In Knokke-Heist wordt tijdens de laatste week van september een test opgezet waarbij zal worden onderzocht of drones zouden kunnen worden ingezet om op het strand vermiste kinderen op te sporen en drenkelingen op zee te redden.
Dat heeft Carl Decaluwé, gouverneur van West-Vlaanderen, bekend gemaakt. De oefening was oorspronkelijk vorig jaar al op de agenda geplaatst, maar het initiatief moest toen worden uitgesteld omdat het onnodig bleek om alle vereiste vergunningen tijdig in orde te maken. De oefening moet volgens de gouverneur uitwijzen of een vliegende camera de zoektocht naar een verloren gelopen kind kan versnellen. Hij wijst erop dat zowel de Intercommunale Kustreddingsdienst als het bedrijf Noordzee Drones, operator van de drones, vragende partij waren om de oefening op te zetten.
Reddingsboei
De Intercommunale Kustreddingsdient wijst erop dat tijdens de voorbije zomer nog altijd 1.703 meldingen van verloren gelopen kinderen werden geregistreerd. Dat betekent een sterke stijging tegenover de zomer vorig jaar.
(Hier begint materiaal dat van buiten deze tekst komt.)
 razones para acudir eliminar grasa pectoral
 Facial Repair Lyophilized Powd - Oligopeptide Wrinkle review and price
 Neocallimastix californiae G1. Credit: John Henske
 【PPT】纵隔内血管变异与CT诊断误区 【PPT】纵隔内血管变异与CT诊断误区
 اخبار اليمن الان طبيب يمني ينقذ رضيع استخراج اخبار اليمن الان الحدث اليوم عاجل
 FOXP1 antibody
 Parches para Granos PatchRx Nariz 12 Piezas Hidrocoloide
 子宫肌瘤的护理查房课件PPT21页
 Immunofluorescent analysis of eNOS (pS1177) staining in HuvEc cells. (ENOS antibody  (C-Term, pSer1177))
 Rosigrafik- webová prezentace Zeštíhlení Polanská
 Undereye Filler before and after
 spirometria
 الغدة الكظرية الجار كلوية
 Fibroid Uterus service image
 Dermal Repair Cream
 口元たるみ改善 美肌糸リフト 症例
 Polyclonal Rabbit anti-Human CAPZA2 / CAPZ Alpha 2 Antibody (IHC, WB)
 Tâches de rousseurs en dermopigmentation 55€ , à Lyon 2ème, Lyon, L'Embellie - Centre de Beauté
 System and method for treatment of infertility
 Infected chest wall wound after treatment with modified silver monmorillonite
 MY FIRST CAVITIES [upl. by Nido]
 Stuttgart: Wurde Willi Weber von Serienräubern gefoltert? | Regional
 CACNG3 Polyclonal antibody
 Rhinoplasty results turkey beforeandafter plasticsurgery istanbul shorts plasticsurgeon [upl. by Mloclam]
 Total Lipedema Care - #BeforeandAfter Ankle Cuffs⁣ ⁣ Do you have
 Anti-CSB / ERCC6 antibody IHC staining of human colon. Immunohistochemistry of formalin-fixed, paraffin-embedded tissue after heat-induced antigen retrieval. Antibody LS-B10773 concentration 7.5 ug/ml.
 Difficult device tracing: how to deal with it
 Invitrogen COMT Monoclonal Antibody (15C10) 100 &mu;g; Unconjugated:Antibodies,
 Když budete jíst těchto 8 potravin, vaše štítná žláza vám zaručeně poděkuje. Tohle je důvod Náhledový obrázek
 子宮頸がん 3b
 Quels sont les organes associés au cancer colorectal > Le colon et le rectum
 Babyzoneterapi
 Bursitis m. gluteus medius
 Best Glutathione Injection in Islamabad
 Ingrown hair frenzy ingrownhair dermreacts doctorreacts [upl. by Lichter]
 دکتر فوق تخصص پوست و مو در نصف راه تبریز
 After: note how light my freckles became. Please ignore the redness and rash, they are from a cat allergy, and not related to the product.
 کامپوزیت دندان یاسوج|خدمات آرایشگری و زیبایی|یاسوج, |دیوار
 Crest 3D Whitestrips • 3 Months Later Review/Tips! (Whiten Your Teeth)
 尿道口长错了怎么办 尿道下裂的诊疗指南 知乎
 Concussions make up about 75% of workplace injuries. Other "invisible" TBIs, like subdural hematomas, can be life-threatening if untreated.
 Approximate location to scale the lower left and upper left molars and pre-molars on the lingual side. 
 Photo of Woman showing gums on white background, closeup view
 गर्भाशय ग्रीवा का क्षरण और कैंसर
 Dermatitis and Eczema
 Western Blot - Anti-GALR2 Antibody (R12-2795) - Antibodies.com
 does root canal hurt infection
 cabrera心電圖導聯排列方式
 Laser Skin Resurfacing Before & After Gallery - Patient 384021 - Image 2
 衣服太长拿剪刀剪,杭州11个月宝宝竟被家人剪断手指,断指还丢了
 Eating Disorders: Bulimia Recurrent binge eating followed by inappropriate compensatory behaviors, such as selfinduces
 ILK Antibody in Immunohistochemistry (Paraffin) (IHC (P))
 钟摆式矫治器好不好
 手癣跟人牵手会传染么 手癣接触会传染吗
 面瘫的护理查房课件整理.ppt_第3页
Het fenomeen moet volgens de redders vooral worden toegeschreven aan de uitstekende weersomstandigheden tijdens de voorbije zomer. Tevens wordt echter gewezen op de preventieve aanpak van de redders. Zodra een kind zonder begeleiding wordt opgemerkt, wordt ingegrepen. Daarmee wil men vermijden dat de kinderen nog verder zouden kunnen verdwalen. Daarnaast zullen ook tests worden uitgevoerd met een drone die boven de zee bij een drenkeling een reddingsboei kan uitgooien. Carl Decaluwé merkt op dat in andere landen al enkele tijd van drones gebruik wordt gemaakt bij reddingsacties op de stranden. De tests in Knokke-Heist hebben plaats op 26 september.